If you only have one Docker server, running a registry is kind of pointless. Reasons you might need a registry are:
- You have multiple Docker servers and you want an image cache that they can all share.
- You have built your own custom images that you want to distribute.
- You want to run faasd and need a place to store your function container images.
- You want to store images for any reason.
make config
Configure the hostname:
REGISTRY_TRAEFIK_HOST: Enter the registry domain name (eg. registry.example.com)
: registry.d.example.com
The registry has a fully public API, so it is highly recommended to
configure the sentry authorization mechanism of your choice, which
will keep the registry secure from unauthorized users. Choose either
HTTP Basic Authentication (username+password) or Mutual TLS (mTLS)
(signed certificate):
? Do you want to enable sentry authorization in front of this app (effectively making the entire site private)?
No
> Yes, with HTTP Basic Authentication
Yes, with Oauth2
Yes, with Mutual TLS (mTLS)
Enter the username for HTTP Basic Authentication
: ryan
Enter the passphrase for ryan (leave blank to generate a random passphrase)
: hunter2
Hashed password: ryan:$apr1$Rav9J1xZ$oKMnqMzcEequ6H2VBha6N0
Url encoded: https://ryan:[email protected]/...
> Would you like to create additional usernames (for the same access privilege)? No
> Would you like to export the usernames and cleartext passwords to the file passwords.js
n? No
make install
To use the registry, configure the docker client:
docker login registry.example.com
Enter the credentials for HTTP Basic Authentication:
Username: ryan
Password:
WARNING! Your password will be stored unencrypted in /home/ryan/.docker/config.json.
Configure a credential helper to remove this warning. See
https://docs.docker.com/engine/reference/commandline/login/#credential-stores
Login Succeeded
Pull an image from the normal Docker registry for testing purposes:
docker pull docker.io/traefik/whoami:latest
Retag the image so that it belongs to your registry now:
docker tag docker.io/traefik/whoami:latest registry.example.com/traefik/whoami:latest
Push it to the new registry:
docker push registry.example.com/traefik/whoami:latest
# The push refers to repository [registry.example.com/traefik/whoami]
# 298b6a4a6489: Pushed
# a1b937ed548c: Pushed
# 01d1702a867e: Pushed
# latest: digest: sha256:c899811bc4a1f63a1273c612e15f1bea6514a19c7b08143dbbdef3e8f882c38d size: 948
If you choose the mTLS sentry authorization with step-ca, you can configure your docker client to use your client certificate and key:
On the client computer:
-
Create a directory under
/etc/docker/certs.dmatching the registry hostname (e.g.,/etc/docker/certs.d/registry.example.com/). -
In this directory create three files, named:
ca.crt- the Step-CA public CA cert.client.cert- the client's public cert.client.key- the client's private key.

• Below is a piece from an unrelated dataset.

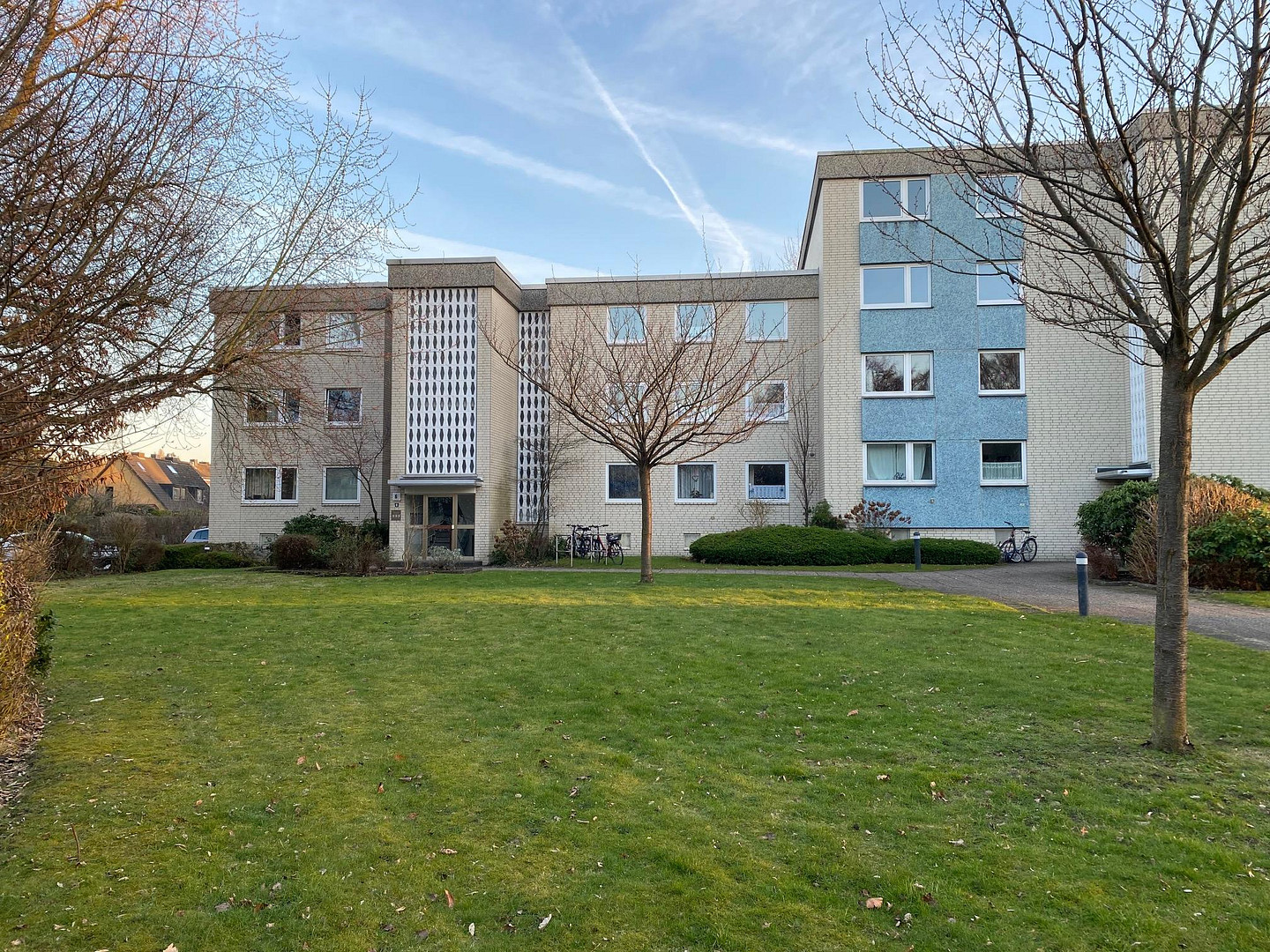 Großzügige 4-Zi.-Whg. (2 2/2 Zi.) mit Balkon/Südlage ; auf großem Grundstück ; provisionsfrei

There is no need to run docker login when using mTLS.
By default the access is allowed to 0.0.0.0/0 which allows all
traffic. Restrict access to your list of subnets, for example:
make reconfigure var=REGISTRY_IP_SOURCERANGE=192.168.1.0/24,10.13.13.0/24
And then reinstall:
make install
If you need to store images with different access credentials, you should create a separate instance:
make instance instance=my-other-registry
REGISTRY_TRAEFIK_HOST: Enter the registry domain name (eg. registry.example.com)
: my-other-registry.example.com
Install it like before, choose new authentication credentials, and access it at the new hostname.